[Exercise requirements]
No picture should appear in the copy. Transcribe exactly, and only, the lines from the one with "Circuit Odyssée écossaise *** - 3" through the last line of the data below.

[Recorded data]
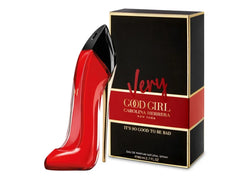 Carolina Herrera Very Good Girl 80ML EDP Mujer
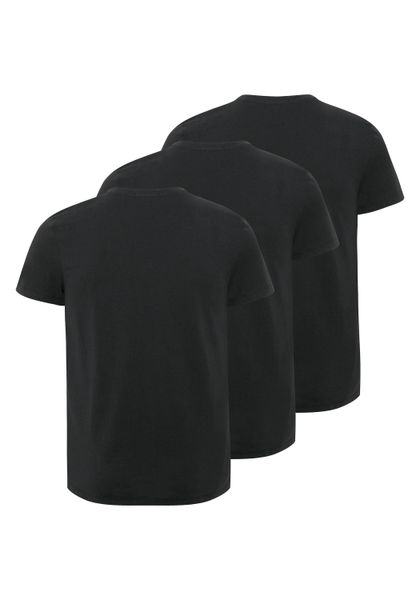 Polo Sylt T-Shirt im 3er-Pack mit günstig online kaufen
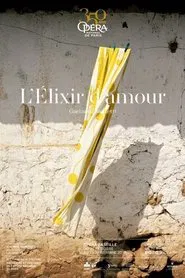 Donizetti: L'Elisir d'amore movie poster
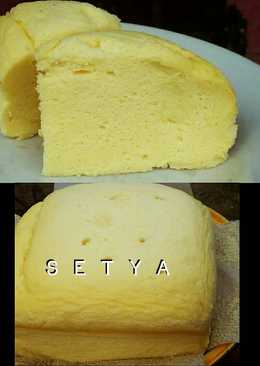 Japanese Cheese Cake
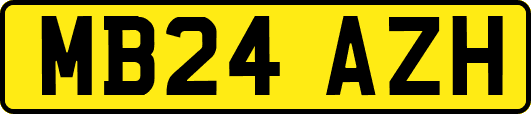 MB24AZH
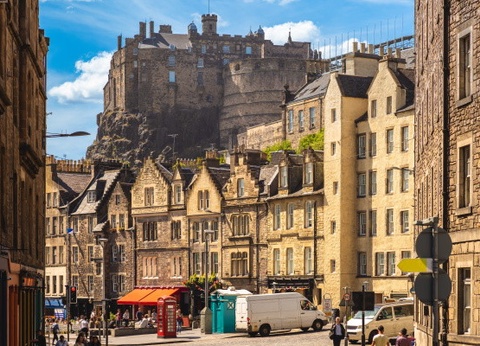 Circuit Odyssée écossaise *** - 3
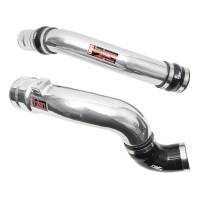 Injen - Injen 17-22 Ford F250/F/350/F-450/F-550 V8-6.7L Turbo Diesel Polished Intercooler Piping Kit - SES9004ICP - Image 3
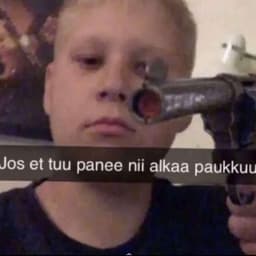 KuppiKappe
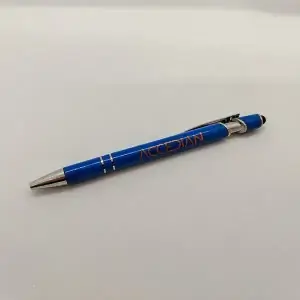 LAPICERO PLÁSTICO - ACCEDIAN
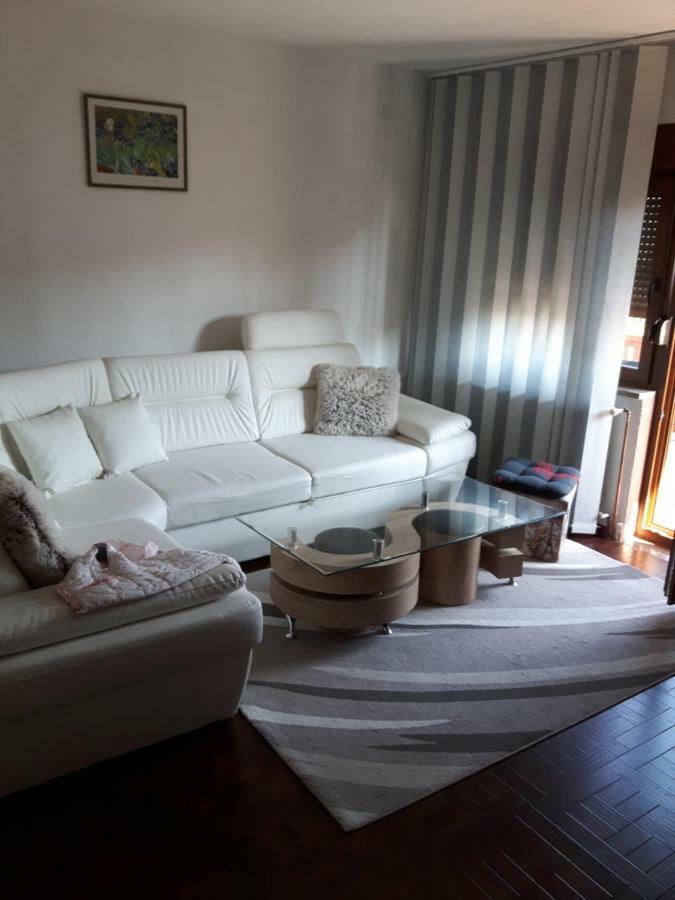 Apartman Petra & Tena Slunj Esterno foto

[Result]
 Circuit Odyssée écossaise *** - 3
 Injen - Injen 17-22 Ford F250/F/350/F-450/F-550 V8-6.7L Turbo Diesel Polished Intercooler Piping Kit - SES9004ICP - Image 3
 KuppiKappe
 LAPICERO PLÁSTICO - ACCEDIAN
 Apartman Petra & Tena Slunj Esterno foto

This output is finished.